Quanto ai Preti di Delfi e del colle Parnaso
il Dio li empie con Oracoli e Versetti; ma solo
Profeti e Poeti sono Matti (in un certo senso)
e i Sobri si fanno adulti, mentre essi dispensano
i loro doni: uno sfoga la Rabbia urlando al Vento
l’altro fa gocciare inchiostro sulla Carta.
Medico, guarisci te stesso, dicono; ma questo
va detto al Poeta: prenditi cura di te.

*

Dopo essere stato recluso come pazzo solo per aver tentato di ridurre a nulla i dissidenti della Chiesa

Quando lo Zelo di Dio ispira il petto
il mondo ti dice Cieco, spossessato d’Uomo;
e lusingando il proprio gelido desio
dicono Lunatico chi è reso al Celeste Fuoco:
benché i loro Occhi siano nella Fiamma
sono in disastro, disorientati dal Nome;
Sappiate che Cristo è nato prima
a Betlemme e poi nella nursery di questo
manicomio. A Dio e Padre e Figlio
e Spirito Santo, tre in uno,
per gli Uomini e gli Angeli, su tutti
splenda la Gloria dei Cieli e della Terra.

*

Scritto mentre mi viene il vomito

Certamente le Stelle non regnano, ora,
ma qualche crudele Cometa mi invia
un Pazzo ciarlatano nelle vesti del Vomito
al veleno; per fortuna Apollo è con me
e mi fortifica con l’Antidoto.
Non ha ancora dimenticato, da quando
Pitone è caduto dal suo braccio, che
molto Veleno è ancora da espellere.
Non tutti sono come Mitridate
immune all’orda del male:
per evitare l’inutile mania dei medici
preferisci Purga e Vomito: Elicona
se ne farà una ragione.

*

Umilmente presentato al Venerabile, al Tesoriere e agli altri Governatori del Manicomio di Bethlem

Apollo, Dio e Padre, tu e Io,
posseduti, entrambi, da Fisica e Poesia:
Fratello, cosa intendi per sberleffo?

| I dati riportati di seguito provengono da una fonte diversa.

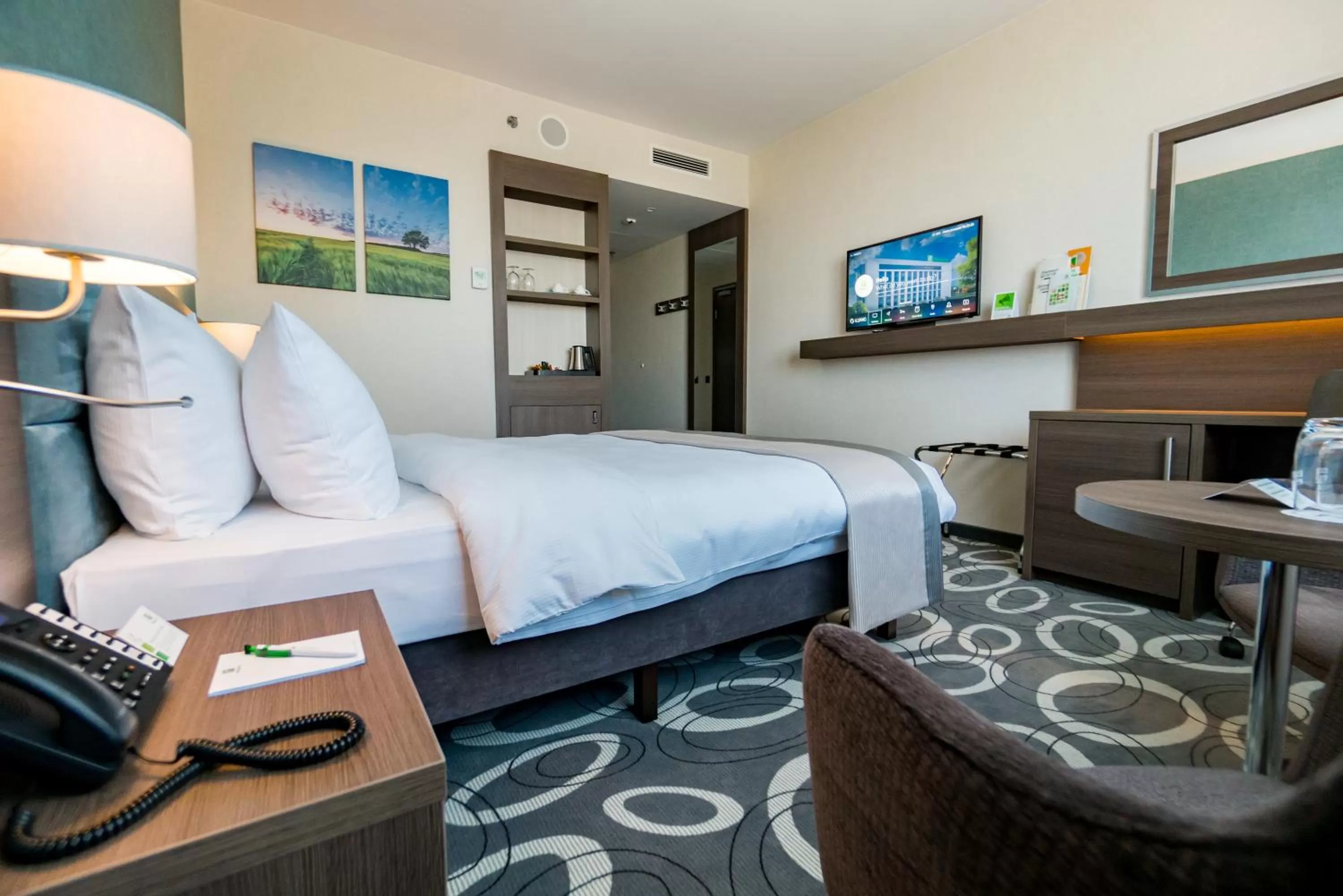 Photo of the whole room, Bed in Holiday Inn Dąbrowa Górnicza-Katowice by IHG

Credi
che questo Lunatico Figlio di Febo finga?
Colpevole secondo il Verdetto di una Giuria
cittadina: porto inciso dentro di me il fardello
con il nome di Furia Poetica; quindi:
devo scollinare dalla colpa perché
lui, che ogni pazzia permette, gemello
del Fato, dice che non si può smarcare
dalla giusta Ragione: condannate la Furia
allora ma discolpate il Poeta. Dottore
Io sono (non del tutto, lo rimarco, solo
in quanto Paziente) Carkesse, vostro umile
Servitore.

*

Sulle Signore che mi guardano in Cella

Quando il Dottore aveva gettato il Pazzo
nel Pozzo oscuro e costretto il Prigioniero
alla clausura, una Lady fece capo per caso:
splendida in bellezza, dilatò le grate per far
entrare la sua nuova luce; quanto ero felice:
privo del Sole, al confino, vidi la mia più
splendente stella arrossire.

*

Il Verdetto del Medico

Signore, lasci stare il Poeta e il Mentitore
soltanto da sobrio potrebbe sfidare la Luna:
ciò che sembra a tutta prima un misterioso
Paradosso, dimostrerò che è rotondo come
una sfera. Febo e Luna, fratello e sorella,
di certo s’intendono l’un l’altro:
io, nel loro Privato Concilio, in qualità
di Dottore, porterò il tuo caso senza
ulteriori spese: a meno che la Luna non
lo assista, lo so bene, Apollo non può
creare dal nulla un poeta. Quando
il Genio lo rinnega, egli è un Somaro pari a me:
Sole e Luna ti abbandoneranno entrambi, vedrai.